Warwick Road in Chesterfield County, Virginia, was one of the older roadways in the area extending across the northern section of the county. Established in the 18th century in the Virginia Colony, the Warwick Road effectively provided a portage around the portion of the James River containing dams and rapids near the fall line in the area of the towns of Manchester and Richmond, Virginia, which were located along the south and north banks of the river respectively.

==Historical path from 18th-century port town==

Warwick Road originated at its namesake, the former 18th century port town of Warwick which was located near the confluence of Falling Creek and the James River. Established around 1750 by Archibald Cary, Warwick was destroyed in 1781 by British General Benedict Arnold's troops during the American Revolutionary War.
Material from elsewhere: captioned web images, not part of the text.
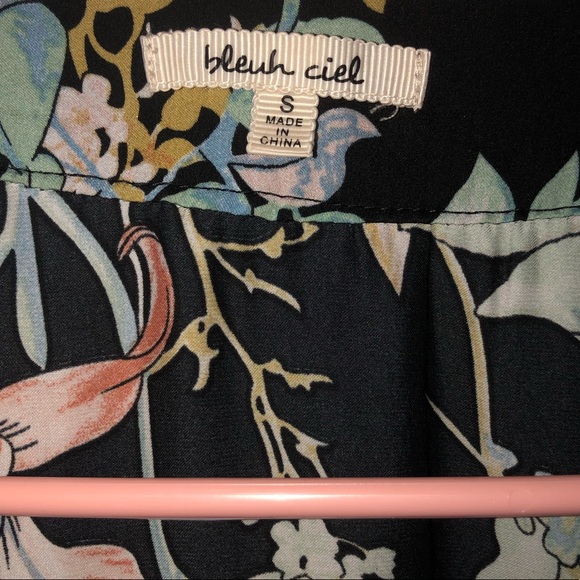 Intimate Robe - Picture 3 of 3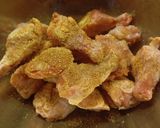 Foto langkah ke 3 dari resep Sayap Goreng Ketumbar.
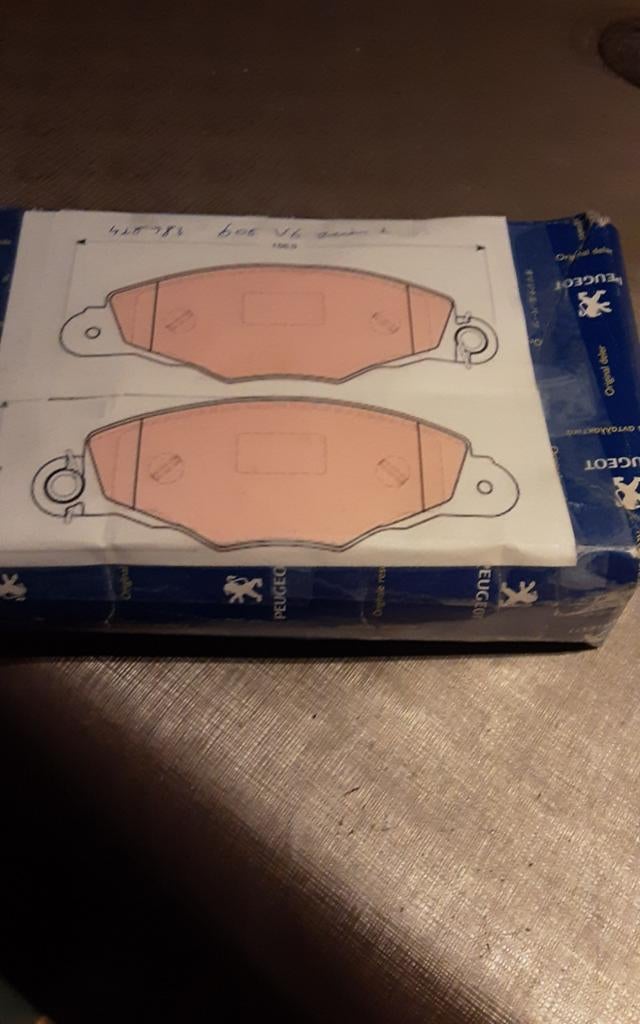 PEUGEOT 605 remblokken plaquettes, Enlèvement ou Envoi, Peugeot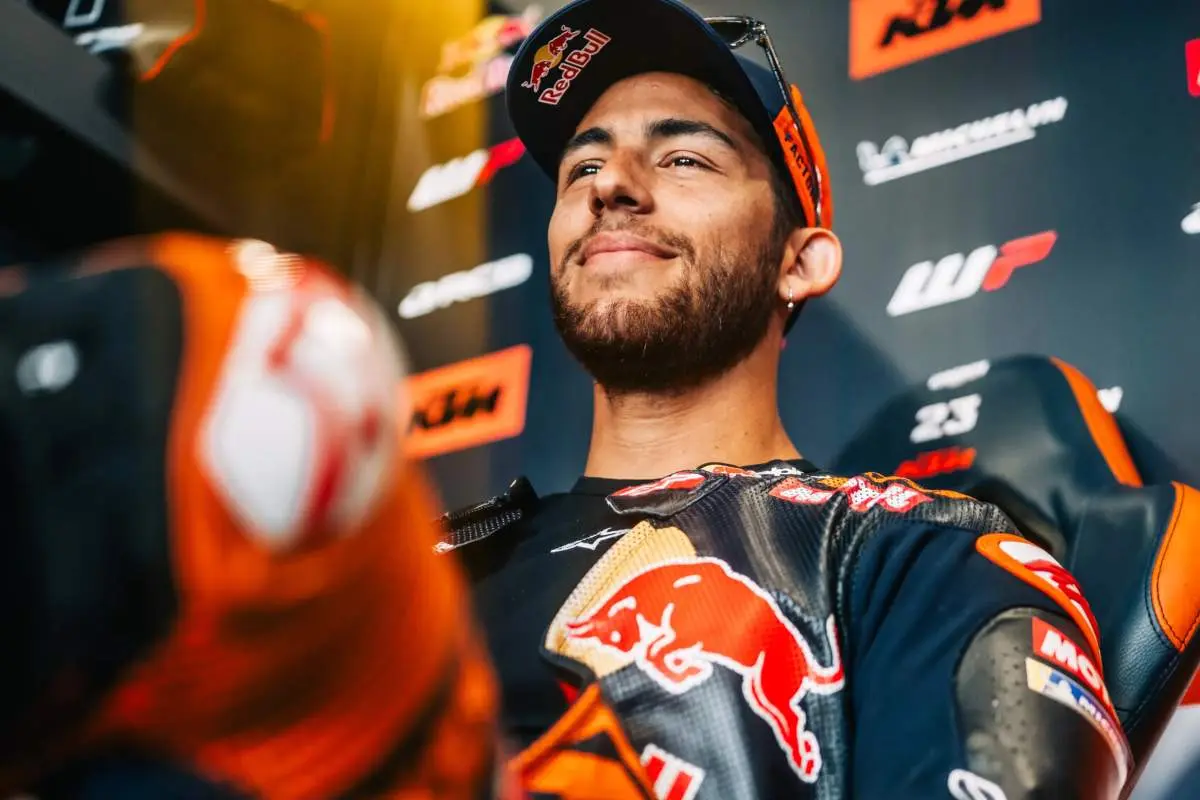 Enea Bastianini pilota KTM Tech3 MotoGP seduto nel box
The 18th-century roadway called "The Warwick Road" led through what is now the large DuPont Plant in Chesterfield County, crossed into areas of Chesterfield annexed by Richmond in 1944 and 1970 which are now part of South Richmond and returned into Chesterfield County in what is now the Bon Air, Virginia area. There, it intersected what was called the River Road, which ran closely along the south bank in a westerly direction. The Warwick Road and the River Road in combination formed a portage from the deep-water tidal James River around the falls, rapids, and dams near Manchester and Richmond to the river west of there, where it is more shallow. The upper James River was navigable with craft such as bateau boats for many miles to the west.

==20th century==
Although apparently not used for portage purposes after the destruction of Warwick in 1781, much of the original Warwick Road remained intact as a through route until around 1960 when Chippenham Parkway was built and severed it between Jahnke Road and Midlothian Turnpike near Bon Air. However, portions of the old pathway remain in use in 2007. From east to west, these include sections of modern Walmsley Boulevard, Warwick Road, and Old Warwick Road in South Richmond, and Brown Road and Belleau Drive in Chesterfield County.

Portions of Warwick Road were hard-surfaced after it became part of Virginia's Secondary Road System under the Byrd Road Act in 1932. During second half of the 20th century, portions of Warwick Road east of Chippenham Parkway became hazardous as the area became heavily developed with housing subdivisions and suburban growth, and the traffic volume increased greatly on the two-laned curving roadway, which had no shoulders and deep ditches along the narrow right-of-way which had been established many years before the invention of the automobile. Warwick Road became notorious for many fatal automobile crashes.

==Newer connector road in South Richmond==
In the 1990s, a newer 4.5-mile-long four-lane connector route was built in the annexed area of the City of Richmond at a cost of $41 million US with funding from the Virginia Department of Transportation. It was built partially along the some sections of the original Warwick Road, and followed the alignment generally.

The connector route, most of which was assigned the historic name of Warwick Road, extends from the intersection of Bells Road and Belt Boulevard (State Route 161 across the CSX A-line (the former Atlantic Coast Line Railroad Richmond-Florida main line) via a new bridge through major intersections with Broad Rock Boulevard (State Route 10), Hull Street Road (U.S. Route 360} to an intersection with Midlothian Turnpike, which carries U.S. Route 60.

Several bypassed sections of the older roadway were renamed "Old Warwick Road".